From: Jonas Sicking <jonas@sicking.cc>
Date: Thu, 22 Sep 2011 11:54:30 -0700
To: Henri Sivonen <hsivonen@iki.fi>
Cc: public-webapps@w3.org
Message-ID: <CA+c2ei92xuen8XttCsRr+npdZX5wgpgDWC7psKUy-BfM=BgP5A@mail.gmail.com>

On Thu, Sep 22, 2011 at 6:33 AM, Henri Sivonen <hsivonen@iki.fi> wrote:
> http://dev.w3.org/2006/webapi/XMLHttpRequest-2/#document-response-entity-body
> says:
> "If final MIME type is text/html let document be Document object that
> represents the response entity body parsed following the rules set
> forth in the HTML specification for an HTML parser with scripting
> disabled. [HTML]"
>
> Since there's presumably no legacy content using XHR to read
> responseXML for text/html (and expecting HTML parsing) and since (in
> Gecko at least) responseText for non-XML tries HTTP charset and falls
> back on UTF-8, it seems it doesn't make sense to implement full-blown
> legacy charset craziness for text/html in XHR.
>
> Specifically, it seems that it makes sense to skip heuristic detection
> and to use UTF-8 (as opposed to Windows-1252 or a locale-dependent
> value) as the fallback encoding if there's neither <meta> nor HTTP
> charset, since UTF-8 is the pre-existing fallback for responseText and
> responseText is already used with text/html.
>
> As it stands, the XHR2 spec defers to a part of HTML that has
> legacy-oriented optional features. It seems that it makes sense to
> clamp down those options for XHR.

I agree that there are no legacy requirements on XHR here, however I
don't think that that is the only thing that we should look at. We
should also look at what makes the feature the most useful. A extreme
counter-example would be that we could let XHR refuse to parse any
HTML page that didn't pass a validator. While this wouldn't break any
existing content, it would make HTML-in-XHR significantly less useful.
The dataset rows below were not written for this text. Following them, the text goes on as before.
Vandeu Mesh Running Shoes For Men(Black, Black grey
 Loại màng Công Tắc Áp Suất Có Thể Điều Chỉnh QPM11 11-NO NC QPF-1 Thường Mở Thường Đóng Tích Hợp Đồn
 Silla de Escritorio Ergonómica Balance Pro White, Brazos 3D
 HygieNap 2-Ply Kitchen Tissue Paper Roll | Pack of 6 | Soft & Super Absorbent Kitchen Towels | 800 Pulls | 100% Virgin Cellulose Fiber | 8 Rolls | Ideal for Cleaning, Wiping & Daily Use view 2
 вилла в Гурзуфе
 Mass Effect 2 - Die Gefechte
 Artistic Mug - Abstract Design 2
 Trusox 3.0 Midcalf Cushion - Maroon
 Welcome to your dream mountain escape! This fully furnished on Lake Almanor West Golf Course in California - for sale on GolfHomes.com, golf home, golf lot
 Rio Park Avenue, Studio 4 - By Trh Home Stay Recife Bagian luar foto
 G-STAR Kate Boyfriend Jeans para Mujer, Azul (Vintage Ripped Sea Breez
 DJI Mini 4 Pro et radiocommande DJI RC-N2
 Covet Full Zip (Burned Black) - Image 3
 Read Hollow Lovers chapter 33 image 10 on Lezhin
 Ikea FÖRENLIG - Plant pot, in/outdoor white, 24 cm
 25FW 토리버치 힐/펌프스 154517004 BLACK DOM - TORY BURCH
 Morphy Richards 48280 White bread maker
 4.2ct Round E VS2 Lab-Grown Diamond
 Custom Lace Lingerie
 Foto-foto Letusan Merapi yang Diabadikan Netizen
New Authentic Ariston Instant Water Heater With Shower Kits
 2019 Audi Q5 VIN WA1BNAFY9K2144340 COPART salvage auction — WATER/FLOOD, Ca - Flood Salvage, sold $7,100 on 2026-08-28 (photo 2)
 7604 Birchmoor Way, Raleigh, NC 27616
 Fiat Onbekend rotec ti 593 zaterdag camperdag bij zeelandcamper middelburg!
It makes sense to me that XHR can load any HTML resource that you
could load through navigation.

The one argument I could see for refusing diverge from the normal HTML
loading algorithm is if it breaks few enough pages that it doesn't
severely limit the usefulness of HTML-in-XHR (in any locale), while
still adding enough pressure on sites to start using explicit charsets
that we accomplish real change.

Unfortunately I don't know how to measure those things though.

/ Jonas

Received on Thursday, 22 September 2011 18:55:31 UTC